(DESCRIPTION OF THE TASK):
Output exactly, and only, the lines below from the one with "Certified 2023 Ford" down to the one with "image for item". Include both end lines and no pictures.

(SUPPLIED MATERIAL):

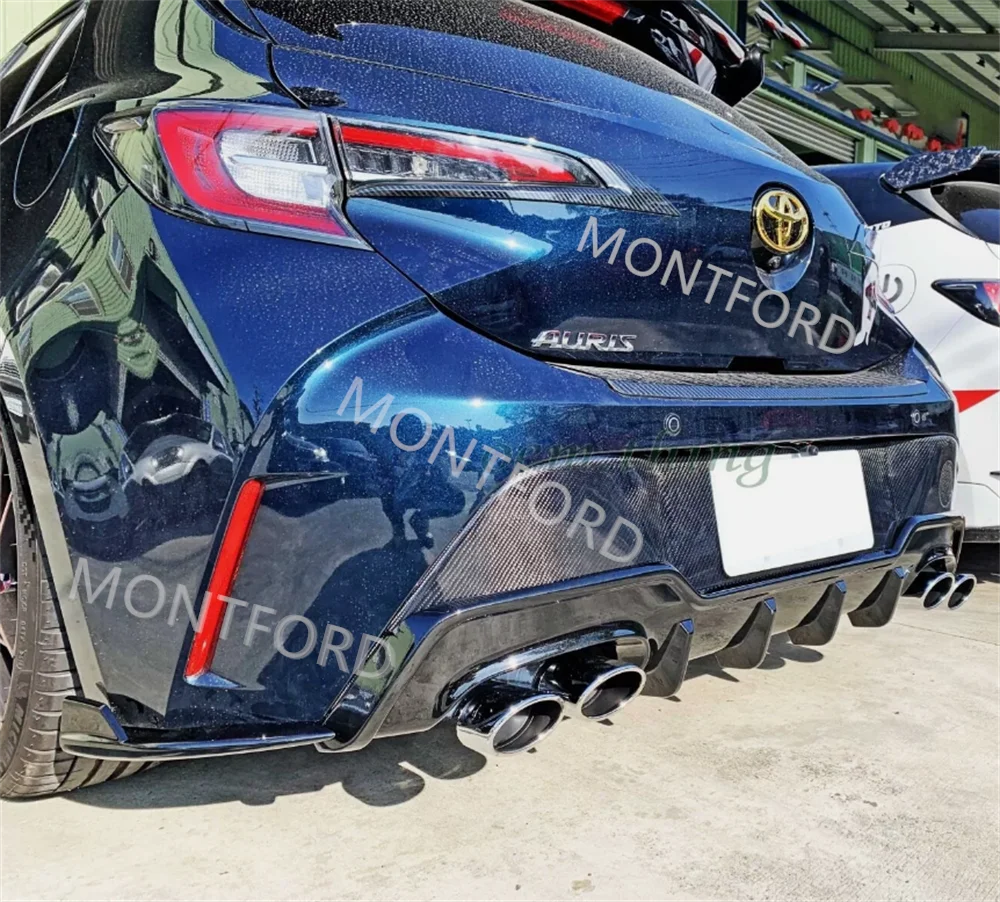 For Toyota Corolla Hatchback E - Crepe Pan Carbon 评论和价格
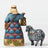 Heartwood Creek Classic - Shepherd-Black Sheep Mini Nativity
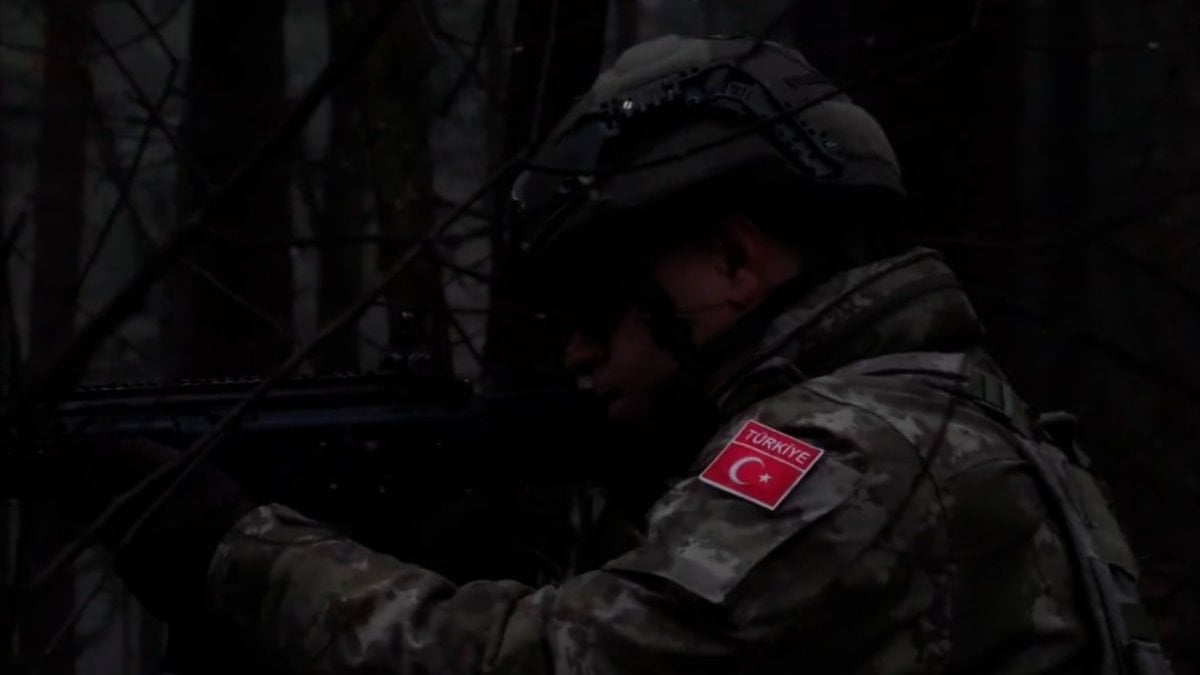 NATO paylaştı: Türk askerleri, Almanya’daki Steadfast Dart-2026 tatbikatında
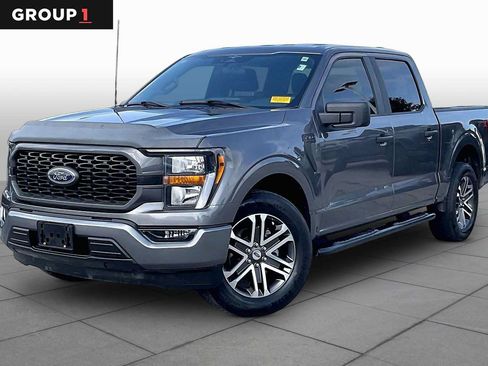 Certified 2023 Ford F150 XL w/ STX Appearance Package RWD image 1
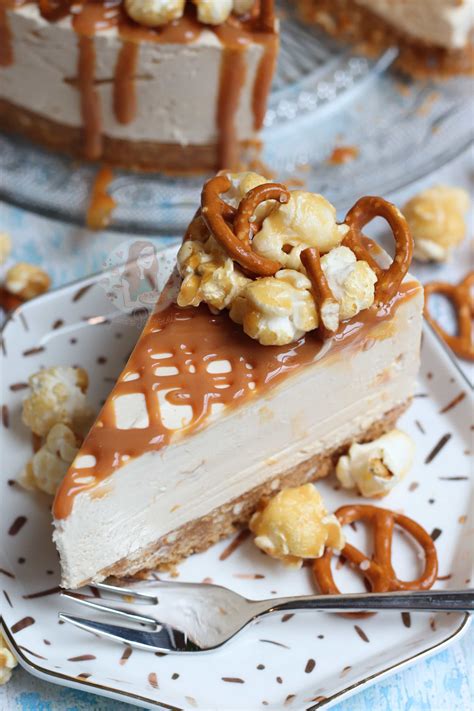 caramel cheesecake recipe uk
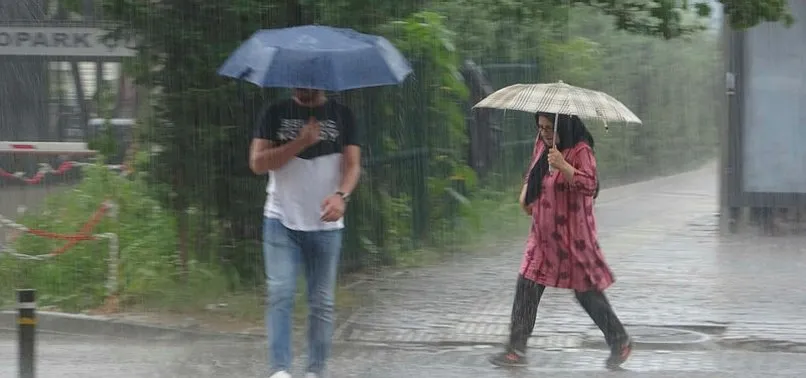Meteoroloji'den son dakika hava durumu açıklaması! Kuvvetli yağış uyarısı geldi | 18 Temmuz 2019 hava durumu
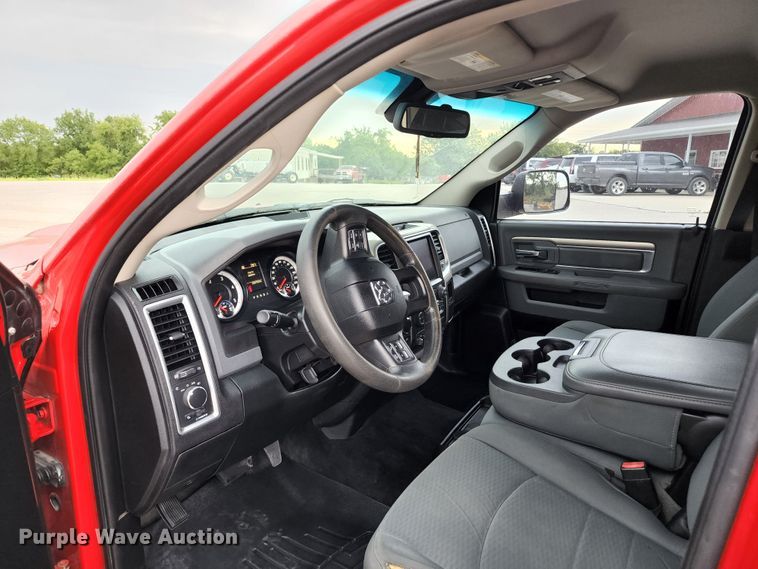 image for item JB9024 2015 Dodge Ram 1500  Crew Cab pickup truck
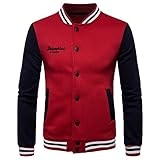 abrigos juveniles hombre Ocasión: Chaqueta básico, perfecto para la college, ocio, fin de semana, fecha, vacaciones etc.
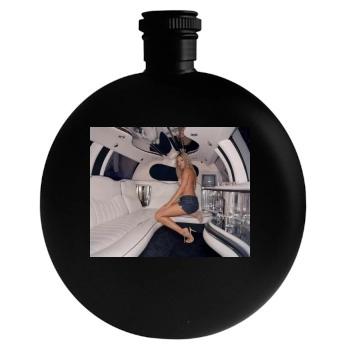 Jodie Marsh Round Flask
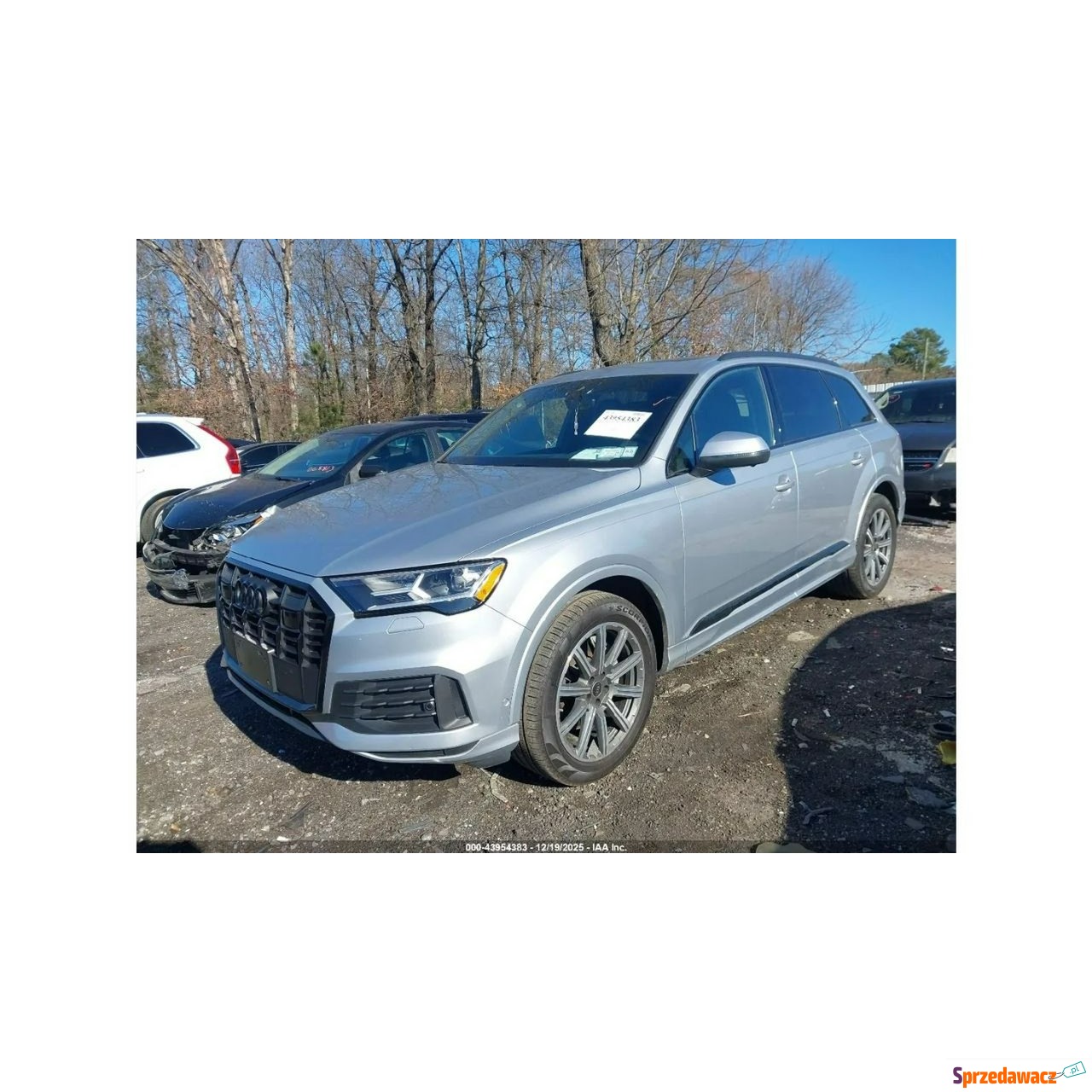 Audi Q7 2022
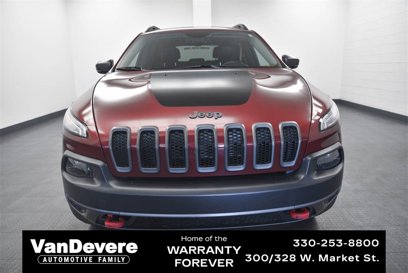Used 2015 Jeep Cherokee Trailhawk w/ Comfort/Convenience Group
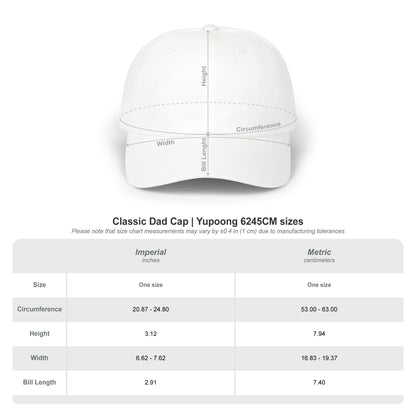 Classic Dad Cap - Casual Sun Hat for Dad, Unisex Dad Hat, Trendy Gifts, Summer Accessory, Everyday Wear by Astral Signature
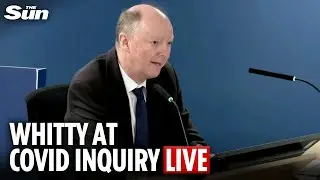 LIVE: Chris Whitty gives evidence to Covid inquiry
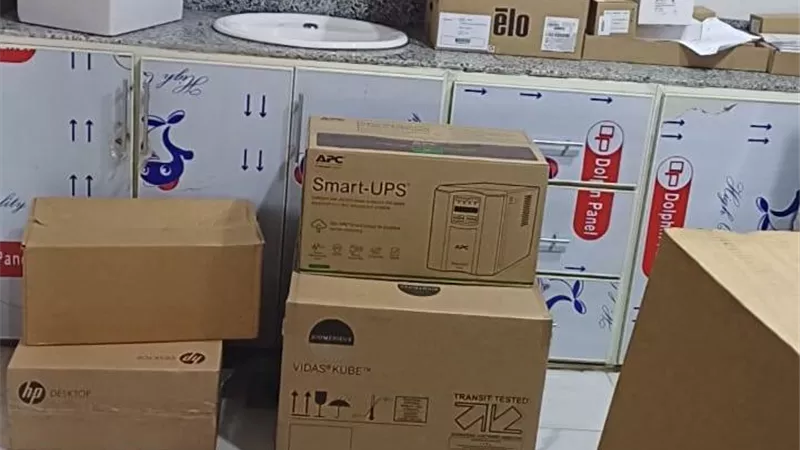 توريد أجهزة المعامل لمستشفي الأطفال التخصصي بأبوحمص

(RESULT):
 Certified 2023 Ford F150 XL w/ STX Appearance Package RWD image 1
 caramel cheesecake recipe uk
Meteoroloji'den son dakika hava durumu açıklaması! Kuvvetli yağış uyarısı geldi | 18 Temmuz 2019 hava durumu
 image for item JB9024 2015 Dodge Ram 1500  Crew Cab pickup truck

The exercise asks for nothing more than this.